By the time coal usage began to decline in the 1940s and Mollenauer and Coverdale had shut down, Bethel had grown in leaps and bounds. It had become a thriving commercial and residential suburb of Pittsburgh. In the 1940s, Bethel Township grew exponentially, and in 1949, it assumed a borough form of government and became Bethel Borough. The ease of transportation to and from the city allowed for more residential developments and commercial business to sustain a thriving suburb. By the 1970s, Bethel Borough had grown large enough to become a home rule municipality, now known as Bethel Park.

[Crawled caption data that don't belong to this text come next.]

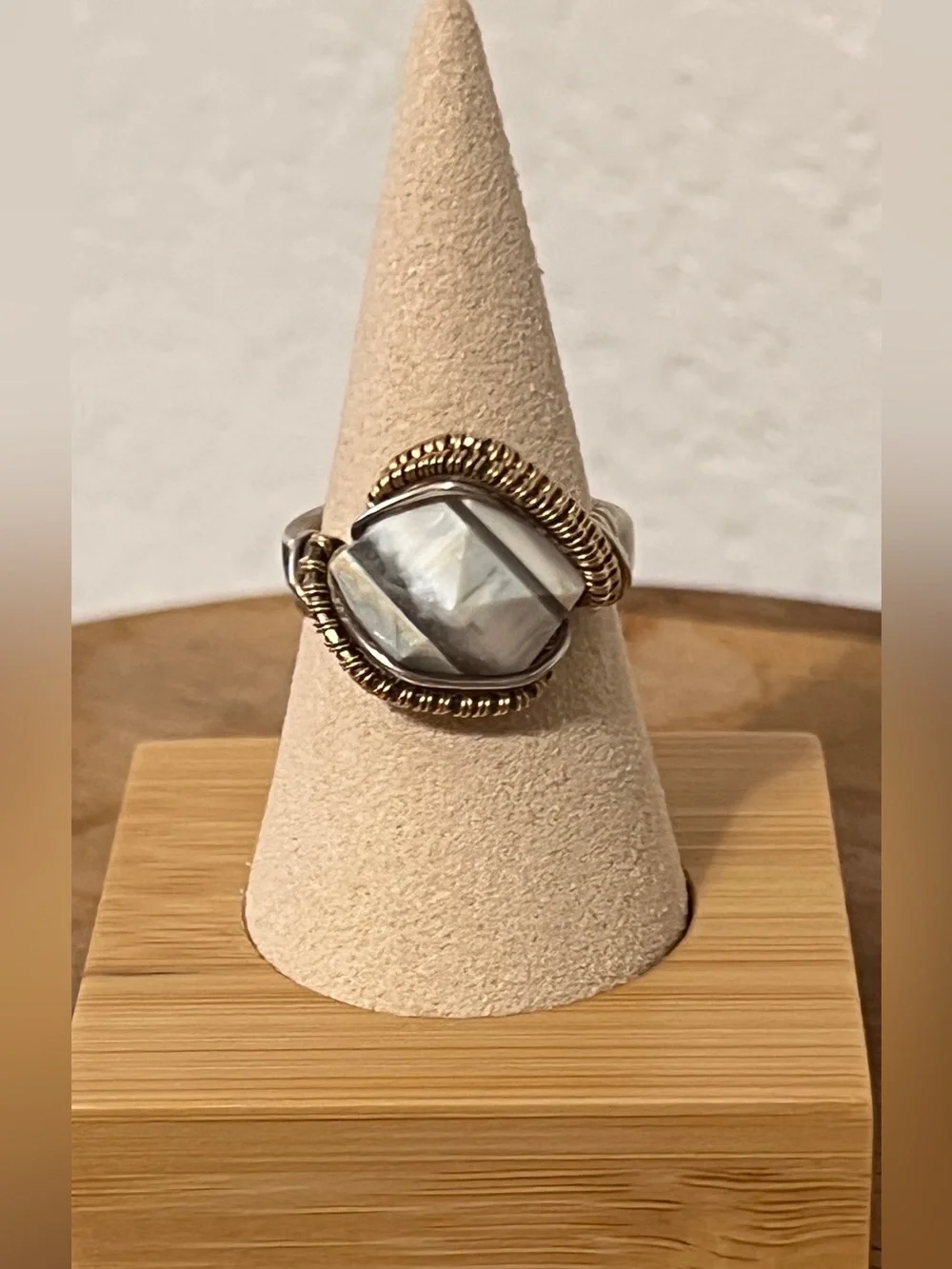 Hand Crafted use save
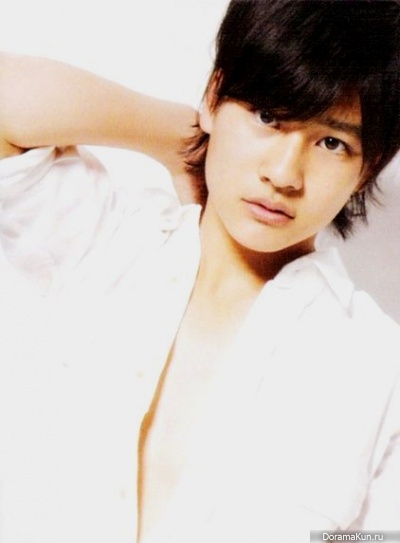 Morimoto Shintaro Morimoto Shintaro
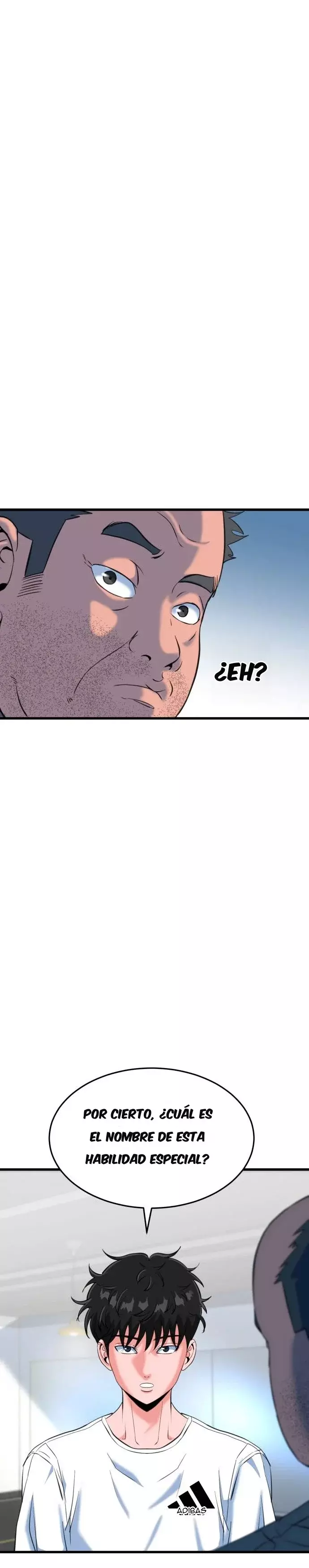 Read Underboxer es Manga Online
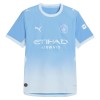 Camisola do Manchester City Equipamento Principal 2026-27 Camisola do Manchester City Equipamento Principal 2026-27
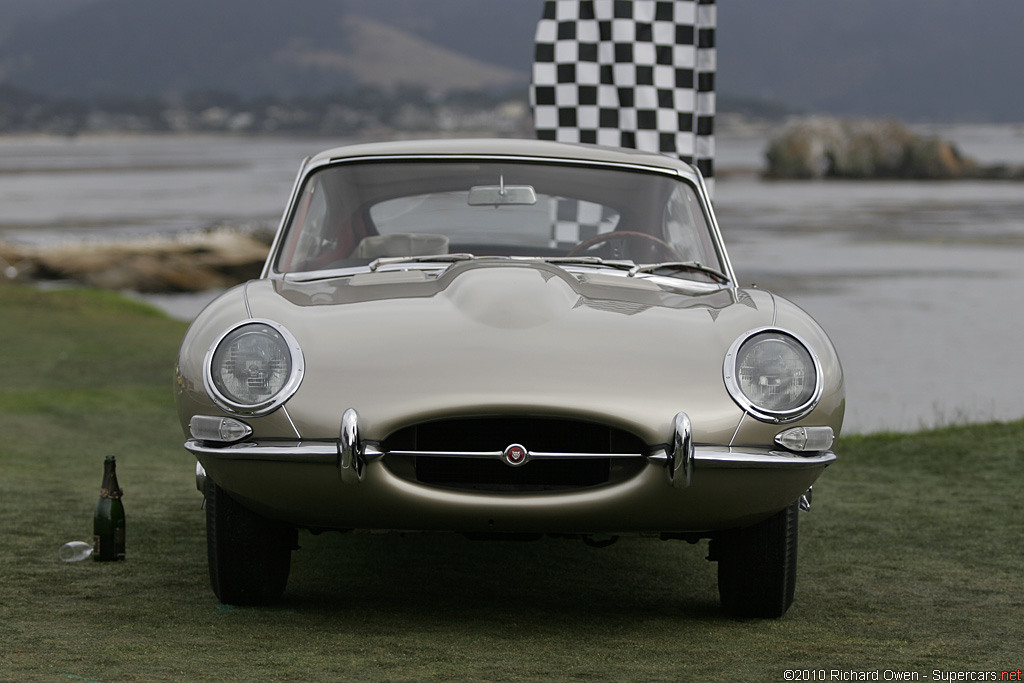 2010 Pebble Beach Concours d'Elegance-5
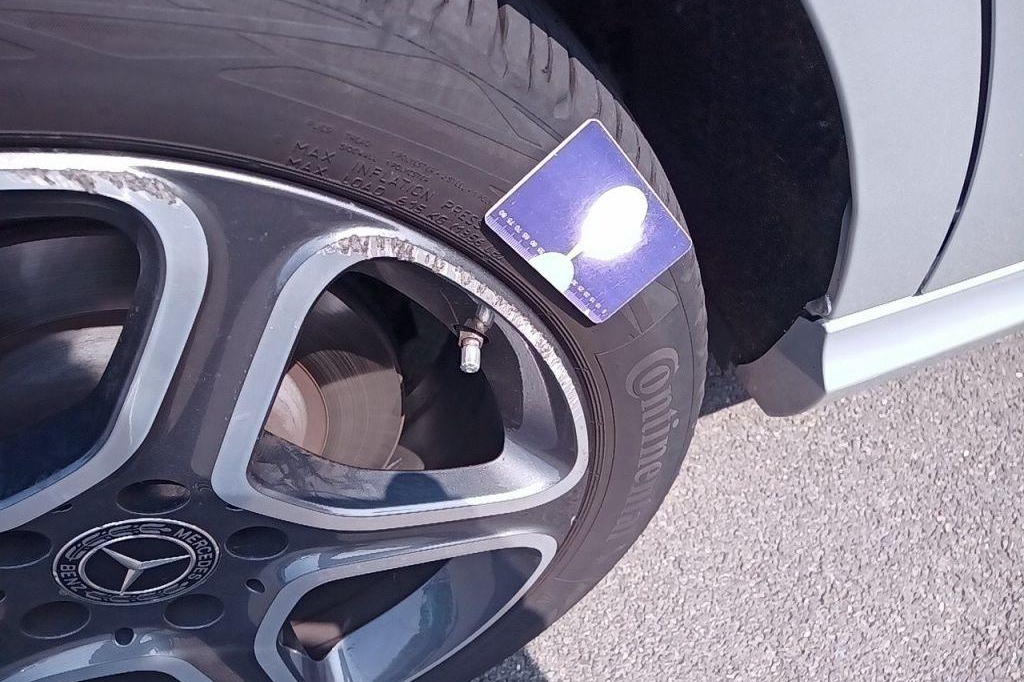 Mercedes-Benz CLA 2017 фото 7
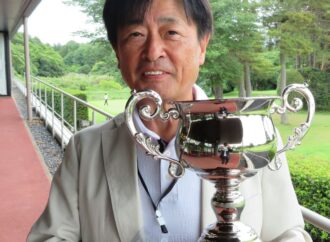 /プリコの西川氏が優勝/マン管杯ゴルフコンペ 6/8我孫子ゴルフ倶楽部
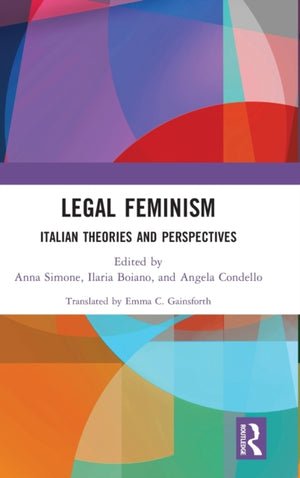 Legal Feminism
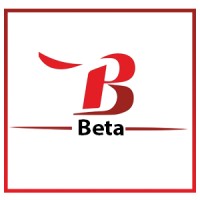 Beta Cambridge School logo - Similar company to Taleb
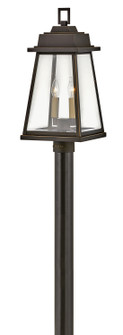 Bainbridge LED Outdoor Lantern in Oil Rubbed Bronze (13|2941OZ)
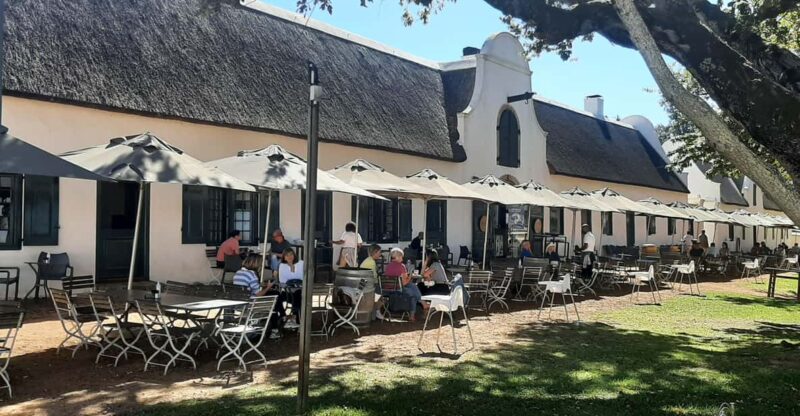 Stellenbosch and Franschhoek 15 Wine Tasting Tour - Pricing and Duration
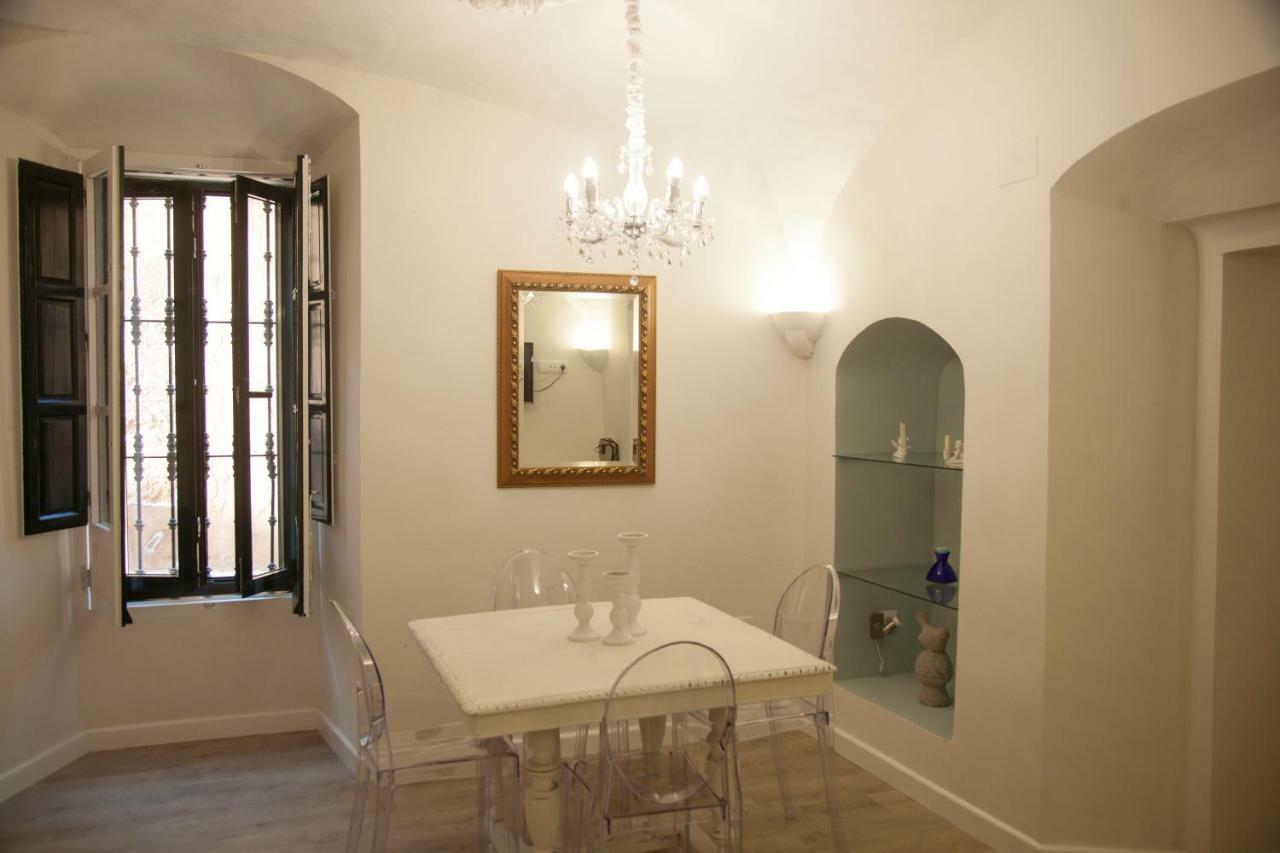 Apartamento Torre Redonda Caces Extérieur photo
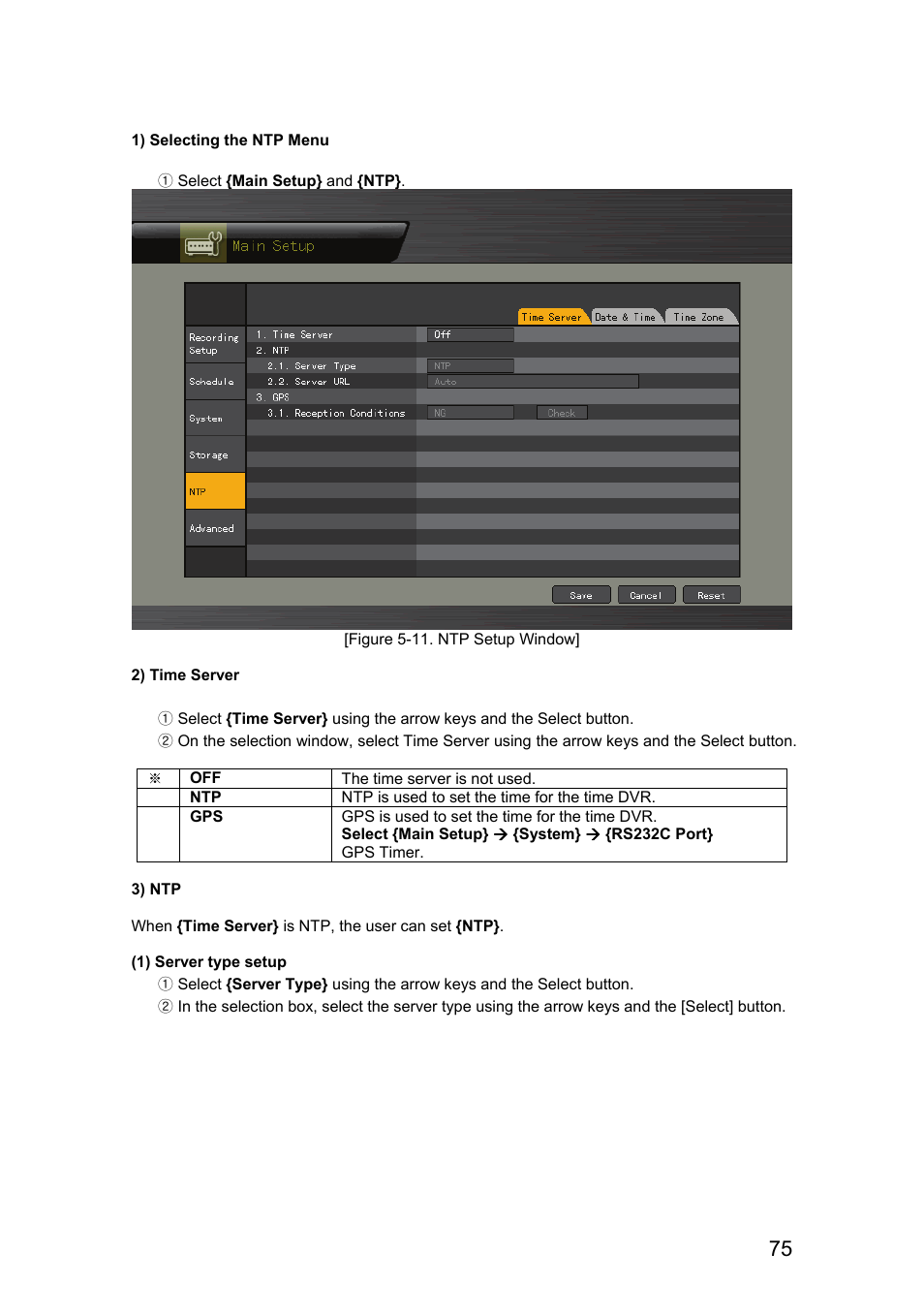 Rugged Cams Vertex & Vertex RTH User Manual | Page 76 / 89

In the last decades of the 20th century, Bethel Park’s population has grown to make it the largest-populated community in Allegheny County. As of the 2000 census, Bethel Park had over 33,000 residents. It touts beautiful neighborhoods and an award-winning school district with five neighborhood elementary schools, two middle schools, and, in 2012, a brand-new high school to take students, and Bethel Park, well into the 21st century.
One
THE CHURCH AND THE FORT
This 1799 map shows the first settlers and landowners of the area, including recognizable names like Tidball, Phillips, Logan, and Rev. John Clark. At the time, there were little more than 600 people living in the area. (Courtesy of the Smith family collection.)
The first recorded date of service at what is now Bethel Presbyterian Church was noted by Rev. John McMillan (1752–1833) in his diary on November 5, 1776: Tuesday preached at Peter’s Creek, baptized 5 children.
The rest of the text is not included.